TASK: Within the lines below, the span from the line with "theRebelinme Plus Size" to the line with "Forthcan 13-Piece Ceramic", both ends included, is to be reproduced exactly, with pictures omitted.

EXERCISE DATA:

....

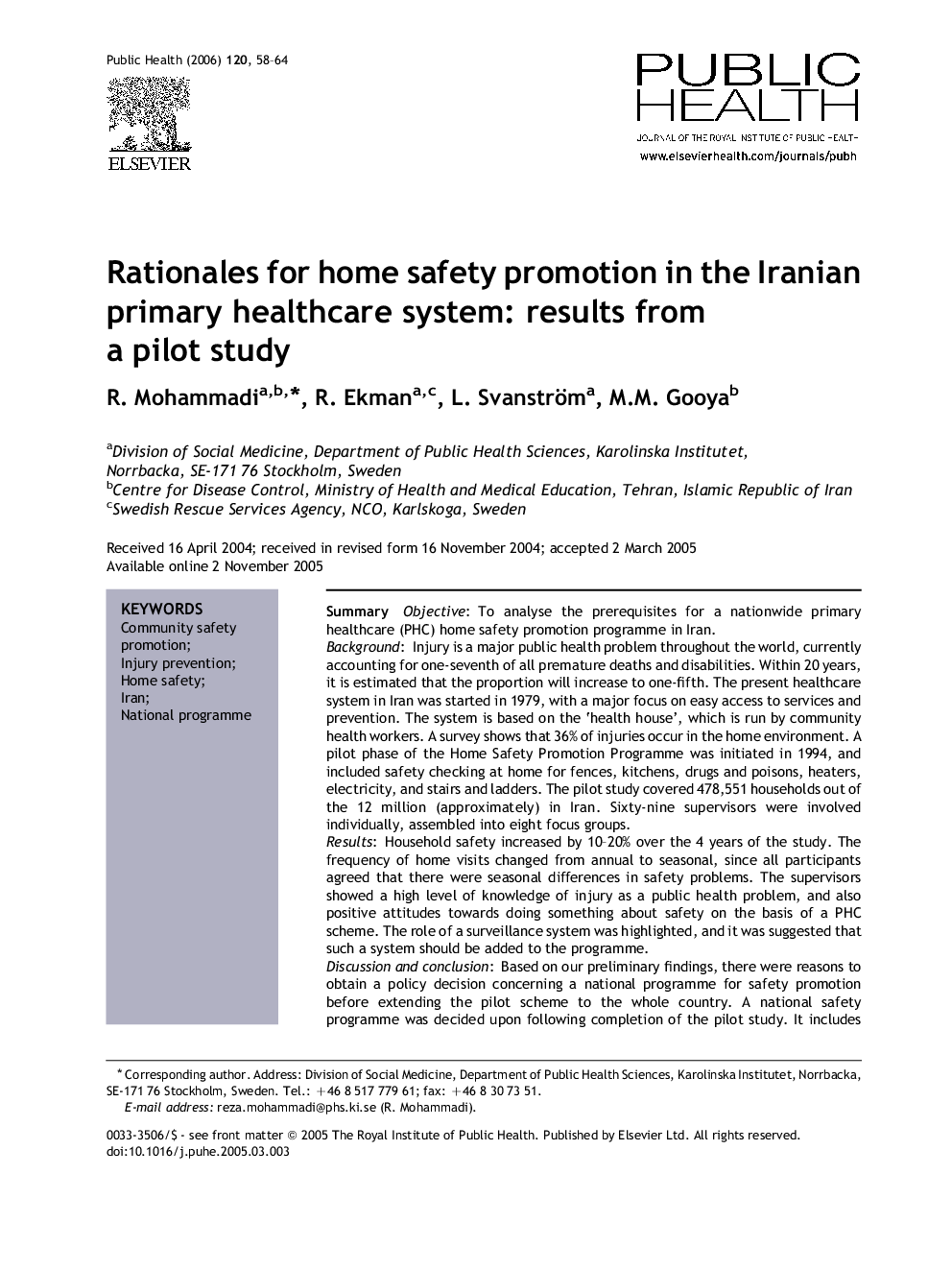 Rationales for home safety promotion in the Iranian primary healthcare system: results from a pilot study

....

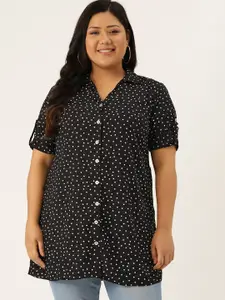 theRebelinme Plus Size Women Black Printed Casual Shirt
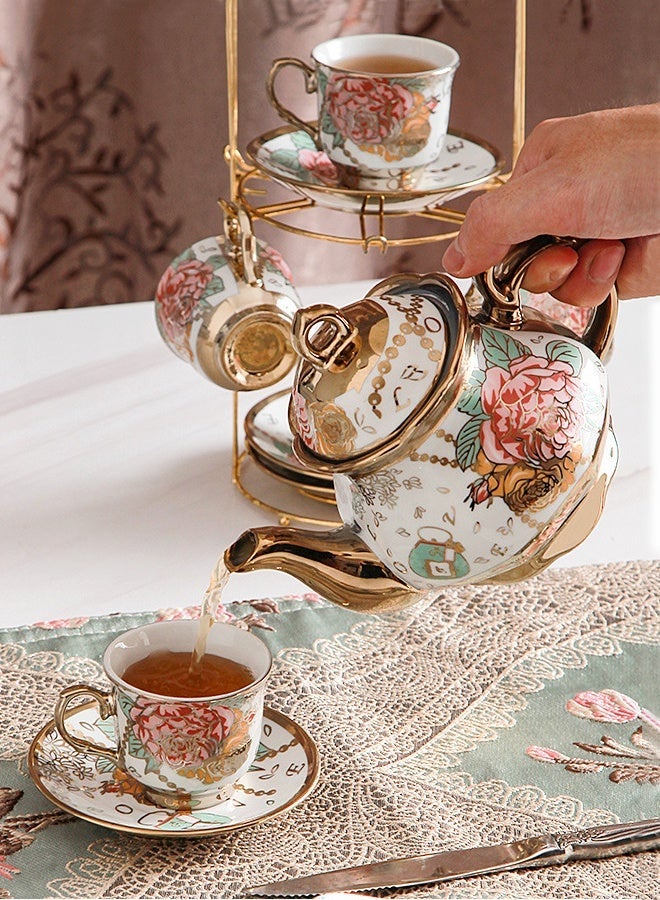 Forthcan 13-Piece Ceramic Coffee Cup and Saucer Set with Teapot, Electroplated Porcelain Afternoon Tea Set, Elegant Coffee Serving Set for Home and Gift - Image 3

....

OUTPUT BELOW:
 theRebelinme Plus Size Women Black Printed Casual Shirt
 Forthcan 13-Piece Ceramic Coffee Cup and Saucer Set with Teapot, Electroplated Porcelain Afternoon Tea Set, Elegant Coffee Serving Set for Home and Gift - Image 3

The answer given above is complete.